The door flew open and Pa came in and snatched the phonograph arm so hard he dragged the needle across the record.

“That's enough of that!”

This was like an invasion: he'd never come into the Boys' House before. He must have been crouched outside, listening in the dark. But at midnight?

Pa began fighting with the neighbors, and the talk became abusive. He got estimates for a perimeter fence. But when the salesman from the fence company heard what the fence was for, he said, “They'll climb it. They'd get over it even if it were twenty feet high. They'll tunnel under it. Hey, I want to sell you a fence, but no fence will keep them out. Fences are porous.”

Pa sent him away, and the next raccoon he caught he kept in the cage, starving it until it could barely move. Then he released it, and when it stumbled he killed it, hacking it with the blade of a shovel.

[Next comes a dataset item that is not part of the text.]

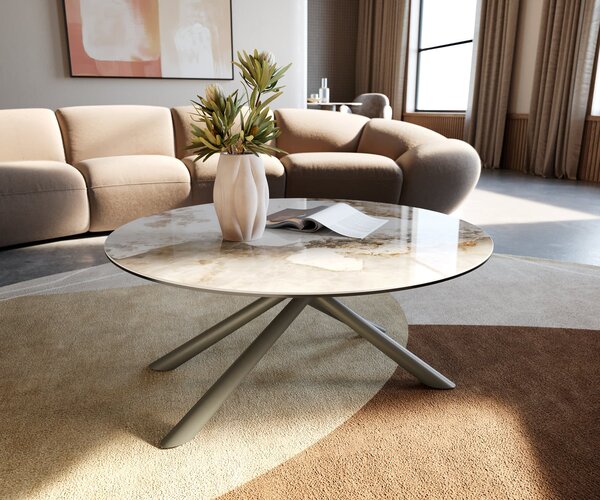 DELIFE Konferenční stolek Edge kulatý 90x90 cm keramika Minas Melange Sarity kov titanová barva
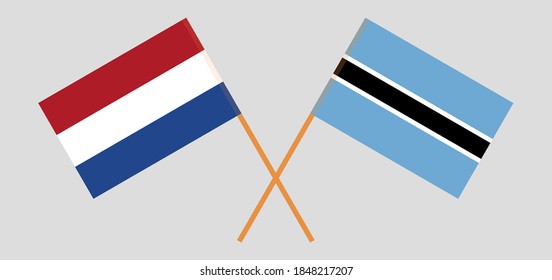 Banderas cruzadas de Botswana y los Países Bajos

He bought a powerful air gun. He unpacked it and unfolded the leaflet of directions. “
Cette arme n'est pas un jouet,
” he read. “
La supervision d'un adulte est requise.
That's me. All we need is a coon.” He tried out the gun on the next one he trapped, but the animal cringed, clutched itself, and buried its head in its fur. And didn't die. Then Pa bought a .22 rifle and fired through the mesh of the trap until the animal was motionless and leaking.

But he knew he was losing. He had been so busy with the raccoons he neglected the usual chores. It was well into fall and he forgot to remove the screens from the sliders. The raccoons clawed and tore holes in them. When Pa got the bill for the repairs to the screens he lectured us loudly on loyalty and vigilance.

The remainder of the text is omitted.